Hacemos algo así cuando recibimos la Eucaristía en pecado grave. Queremos el regalo, pero no el compromiso. A veces ni siquiera queremos el regalo, sino que, simplemente, nos da vergüenza no acercarnos a comulgar como todo el mundo. De manera que, si estás en pecado grave, no es que no seas digno de recibir a Jesús (está claro que ninguno es digno de hacerlo), sino que Él se te está entregando y tú no.

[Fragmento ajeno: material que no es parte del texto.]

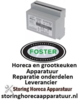 884403413 - Vermogensprintplaat type LF28B2S3E-1FS inbouwmaat 104x91mm 230V spanning AC NTC - FORSTER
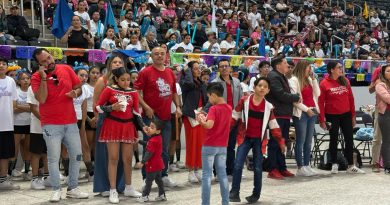 ARENA POTOSÍ VIBRA CON EL NIGHTMARE SHOW CHAMPIONSHIP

Entonces, ¿hay que ser perfecto para recibirla? No, en absoluto. Incluso si estás en pecado grave, Él quiere que lo recibas, pero no todavía. Primero debes confesarte. Pero ten cuidado, porque a veces las cosas que pueden no parecerte graves, como perder la misa del domingo, por ejemplo, o "ir demasiado lejos" con tu novia o novio, en realidad, son graves. Si algo que has hecho dudas si es grave o no, es mejor que te confieses por si acaso.

Has de asumir la responsabilidad de lo que has hecho y confesarte. Te limpiará la conciencia, te reconciliará con Dios y con la Iglesia, y te dará una nueva oportunidad de empezar. Podrás participar en la misa como la Iglesia pide: inmolándote a ti mismo en el altar con Cristo. Serás capaz de entregarte a Él, que se entregó a sí mismo por ti.